» **Available data**:
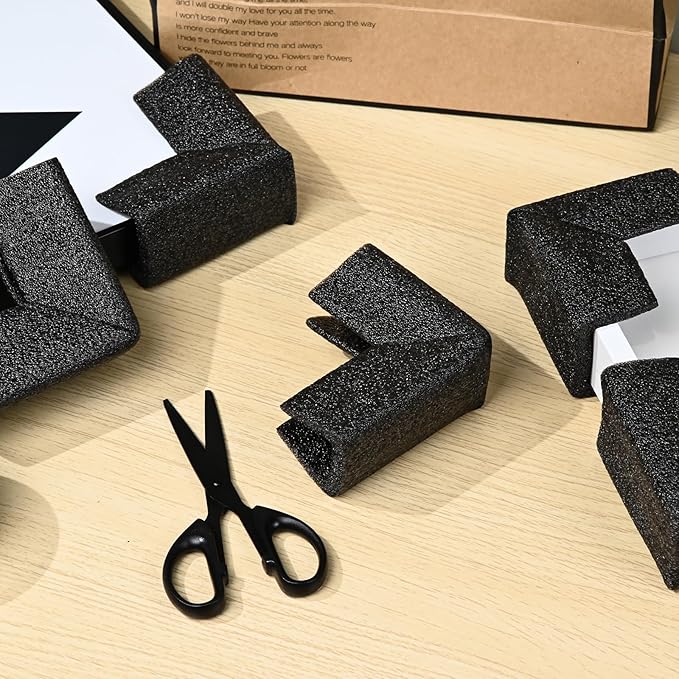 48 Pcs Foam Corner Protectors for Shipping, L-Shaped Edge Guards for TV Moving Box, Picture Frames, Mirrors, and Furniture, Must-Have Moving Supplies (Silk Black) - Image 8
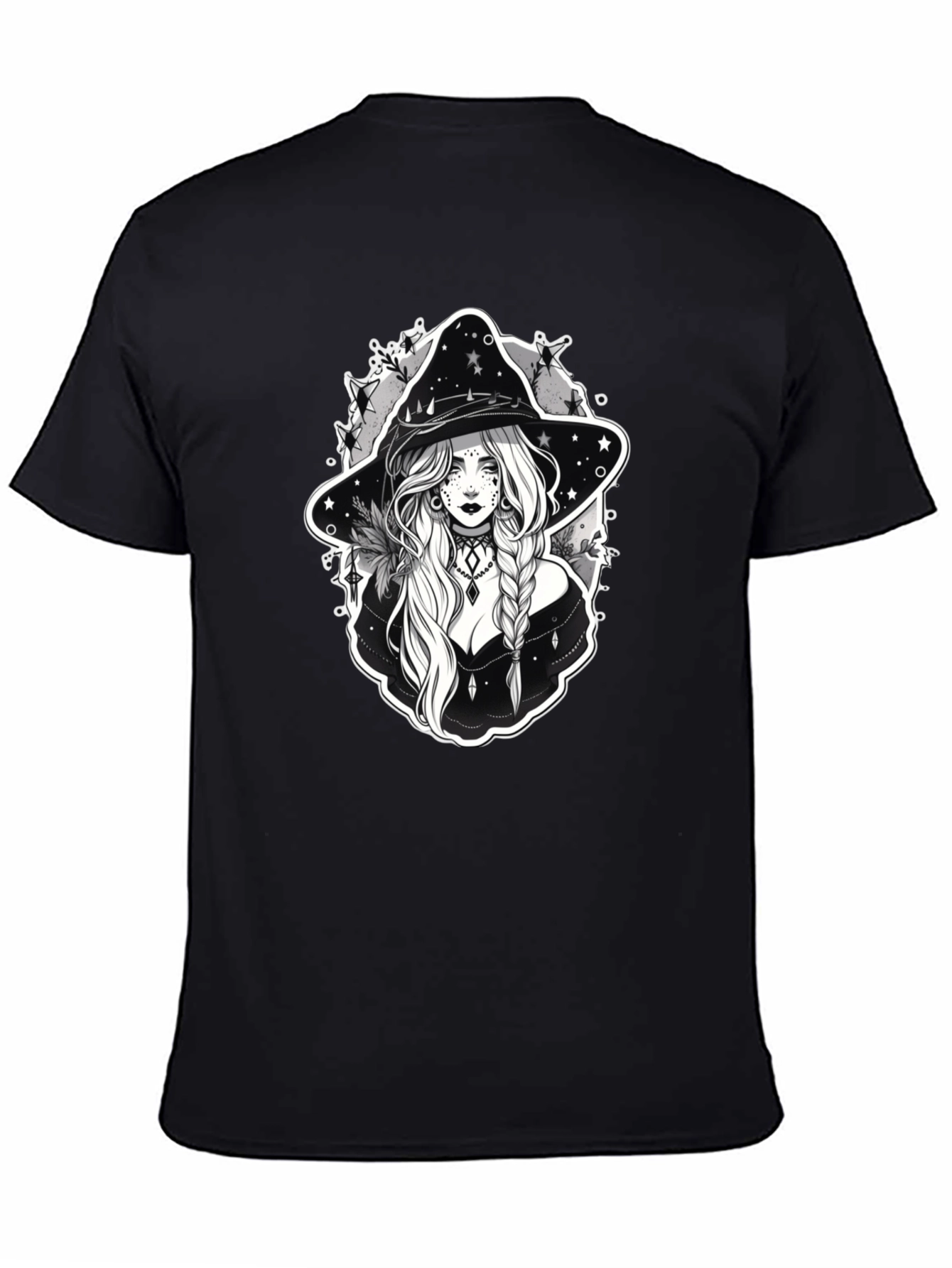Black Witch Graphic T-Shirt - Black Cotton Tee view 4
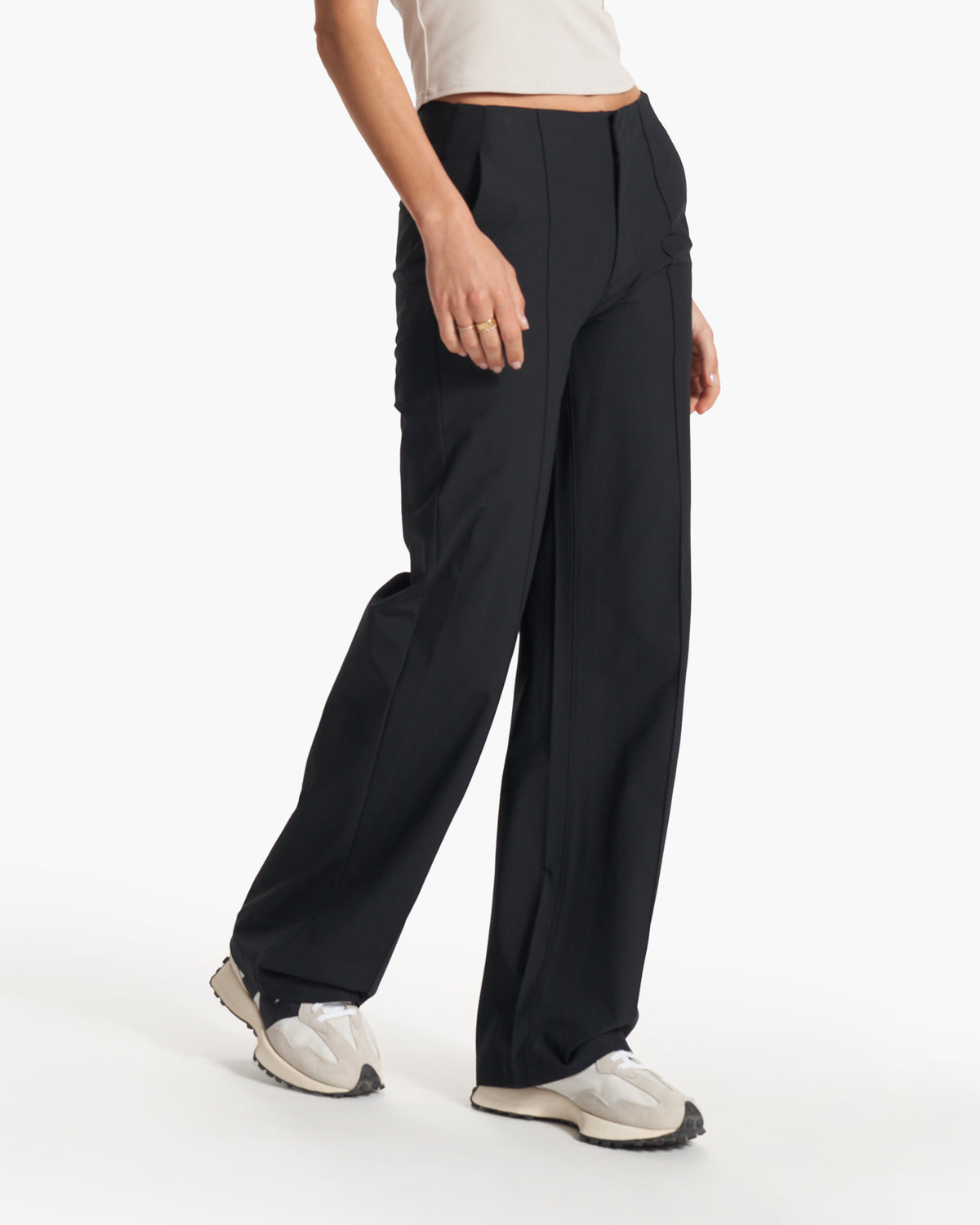 Women's Meta Wideleg Black Tailored Pants | Vuori US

» **Task prompt**:
A word-for-word copy of the listing is needed, with no pictures in it.

» **Solved exercise**:
 48 Pcs Foam Corner Protectors for Shipping, L-Shaped Edge Guards for TV Moving Box, Picture Frames, Mirrors, and Furniture, Must-Have Moving Supplies (Silk Black) - Image 8
Black Witch Graphic T-Shirt - Black Cotton Tee view 4
 Women's Meta Wideleg Black Tailored Pants | Vuori US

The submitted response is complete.